From The Economist - A subscription Site - Posting in full.

Why India’s Muslims are so moderate

ON SEPTEMBER 3RD Ayman al-Zawahiri, al-Qaeda's chief, released a video message in which he promised to "raise the flag of jihad" across South Asia. Many analysts responded with little more than a shrug. The extremist group looks increasingly desperate. Since Osama bin Laden was killed in 2011, al-Qaeda’s impact has been limited. It is overshadowed by the brutal Islamic State in Syria and Iraq, which draws volunteer fighters from a wide range of countries and has said that Afghanistan and Pakistan will be brought under its yoke too. Yet the biggest reason for scepticism about al-Qaeda’s threat is that neither it, nor the IS, are likely to get support from more than a tiny handful of Muslims in India.

India’s Muslims are numerous, but moderate. Though barely 15% of the total, at some 180m they roughly number the same as Pakistan’s entire population. Many are disaffected. In the only Muslim-majority state, Kashmir, residents are embittered by years of heavy-handed rule by Indian security forces, and protests frequently erupt. Occasional terrorist attacks take place in Indian cities, blamed on a home-grown group, the Indian Mujahideen. In February 2013 a bomb attack in Hyderabad killed 16. But these attacks have been growing less frequent and less deadly, possibly because support from Pakistan has waned. Bursts of deadly religious violence, when Muslims and Hindus clash, also take place, most notably last year near a northern town, Muzaffarnagar, when at least 40 people were killed. India’s Muslims generally have reasons for some gloom: they endure lower levels of education, income, political representation or government jobs than the majority Hindus. And yet India’s Muslims, almost across the board, have remained moderate, tolerant, quick to condemn religious violence and ready to engage members of other religions. The contrast with the sectarian bloodletting, growing radicalism and deepening conservatism in Pakistan next door, for example, is striking.

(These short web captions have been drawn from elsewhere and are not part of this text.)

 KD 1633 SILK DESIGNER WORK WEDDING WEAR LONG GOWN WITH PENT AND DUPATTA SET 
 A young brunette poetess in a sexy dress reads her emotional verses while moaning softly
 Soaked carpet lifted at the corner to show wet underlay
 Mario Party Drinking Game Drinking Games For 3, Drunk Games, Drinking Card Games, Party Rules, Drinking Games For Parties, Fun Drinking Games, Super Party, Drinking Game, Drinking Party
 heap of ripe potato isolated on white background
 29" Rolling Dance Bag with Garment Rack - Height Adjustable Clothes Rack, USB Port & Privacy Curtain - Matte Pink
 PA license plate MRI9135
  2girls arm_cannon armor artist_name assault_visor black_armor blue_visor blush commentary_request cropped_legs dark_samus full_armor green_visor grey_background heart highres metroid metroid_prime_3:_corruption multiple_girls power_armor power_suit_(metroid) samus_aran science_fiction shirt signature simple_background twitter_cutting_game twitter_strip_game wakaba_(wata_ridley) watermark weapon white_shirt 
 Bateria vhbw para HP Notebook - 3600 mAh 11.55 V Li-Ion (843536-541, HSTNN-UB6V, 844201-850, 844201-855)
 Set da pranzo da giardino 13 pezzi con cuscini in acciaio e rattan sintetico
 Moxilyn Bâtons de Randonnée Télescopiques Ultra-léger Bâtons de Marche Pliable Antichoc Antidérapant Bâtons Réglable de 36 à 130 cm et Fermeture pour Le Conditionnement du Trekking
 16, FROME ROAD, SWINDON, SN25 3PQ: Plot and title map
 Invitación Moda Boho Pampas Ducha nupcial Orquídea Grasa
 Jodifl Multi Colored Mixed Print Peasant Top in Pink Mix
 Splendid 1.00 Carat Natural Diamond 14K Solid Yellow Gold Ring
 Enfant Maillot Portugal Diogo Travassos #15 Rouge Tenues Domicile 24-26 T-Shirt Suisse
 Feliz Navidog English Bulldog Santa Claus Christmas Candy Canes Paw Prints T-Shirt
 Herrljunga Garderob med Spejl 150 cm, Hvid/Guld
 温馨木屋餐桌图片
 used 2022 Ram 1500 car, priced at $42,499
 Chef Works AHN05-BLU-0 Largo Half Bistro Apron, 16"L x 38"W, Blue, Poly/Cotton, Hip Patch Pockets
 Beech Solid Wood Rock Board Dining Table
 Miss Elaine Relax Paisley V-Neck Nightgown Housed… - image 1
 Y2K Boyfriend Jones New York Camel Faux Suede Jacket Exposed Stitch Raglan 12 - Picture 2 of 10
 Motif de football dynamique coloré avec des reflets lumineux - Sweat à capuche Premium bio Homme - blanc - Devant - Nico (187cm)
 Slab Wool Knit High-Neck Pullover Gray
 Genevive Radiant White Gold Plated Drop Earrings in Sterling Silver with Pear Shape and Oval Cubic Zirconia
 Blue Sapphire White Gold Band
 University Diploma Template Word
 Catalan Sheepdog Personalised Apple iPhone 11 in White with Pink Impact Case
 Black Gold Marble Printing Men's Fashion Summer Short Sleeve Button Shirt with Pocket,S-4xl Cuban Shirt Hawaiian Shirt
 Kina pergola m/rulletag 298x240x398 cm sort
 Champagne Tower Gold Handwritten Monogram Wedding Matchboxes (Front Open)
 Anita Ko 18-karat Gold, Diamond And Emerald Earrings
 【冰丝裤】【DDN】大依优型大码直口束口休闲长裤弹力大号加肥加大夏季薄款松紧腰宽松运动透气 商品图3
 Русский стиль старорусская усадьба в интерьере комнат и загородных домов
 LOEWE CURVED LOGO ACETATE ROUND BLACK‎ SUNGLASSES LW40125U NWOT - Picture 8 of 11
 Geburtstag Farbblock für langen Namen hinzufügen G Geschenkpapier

A combination of factors explains it. Islam in South Asia has a long history, over 1,000 years, but was long dominated by Sufis who integrated closely with non-Muslim Hindus, sharing many cultural practices. In Pakistan, decades of large-scale migration to the Gulf along with close political ties to Saudi Arabia saw harder forms of Sunni Islam adopted, notably the spread of Wahhabi and Deobandi mosques, madrassas and beliefs. By contrast many Indian Muslim migrants to the Gulf, for example from Kerala, have proved less effective at reimporting harder-line forms of Islam on a large scale. Indian madrassas appear to be under more watchful eyes of the state. It is crucial, too, that India—unlike Pakistan and many other countries with large Muslim populations—has long remained as a robust and lively democracy.
A secular constitution and the electoral clout of a sizeable minority helps give Muslims in India a stake in the political system. Many are also intensely proud to be Indian, even if a few support Pakistan’s cricket team. Targeted government welfare schemes to assist "backward" Muslim groups may help too. The election this year of Hindu nationalist, Narendra Modi, as prime minister has not cheered Indian Muslims. But his promise to treat the secular constitution as his "bible" helps to put a limit on anxiety. Perhaps as important, as Indian Muslims are widely dispersed around the country, they are in a small but not insignificant minority almost everywhere: that fact encourages both majority Hindus and Muslims mostly to rub along together, since extremism would prove disruptive for just about everyone.

Such moderation is obviously a boon, and prevents more communal violence. Even troubled Kashmir has for the past three years seen relative calm. A handful of Indian recruits have reportedly joined up with IS in the Middle East but because they are from a population of 180m that hardly looks significant (more worrying are reports of several young men joining the IS from increasingly hardline, Sunni-Islam Maldives). Yet moderation today is not a guarantee that extremism will not arise tomorrow in India. One additional reason at times given for India’s Muslims remaining moderate is that literacy rates and incomes have been low, leaving them relatively isolated from those global forces—such as jihadist websites and news of atrocities against Muslims in the Middle East—that help to spread rage elsewhere. Rising literacy, an ever-more urban population and growing wealth and information may yet encourage more extremist factions to emerge. Large migration flows to the Gulf might yet help to bring back more conservative Islamic beliefs and funds for Wahhabi mosques and madrassas. Similarly, if Hindu nationalists in power were to grow heavy-handed, a backlash and a rise in extremism are easy to imagine. The stability in India is a remarkable achievement. With luck, zealots and murderers such as al-Zawahiri will therefore fail in their desperate ambitions. But preserving stability will be a task for everyone.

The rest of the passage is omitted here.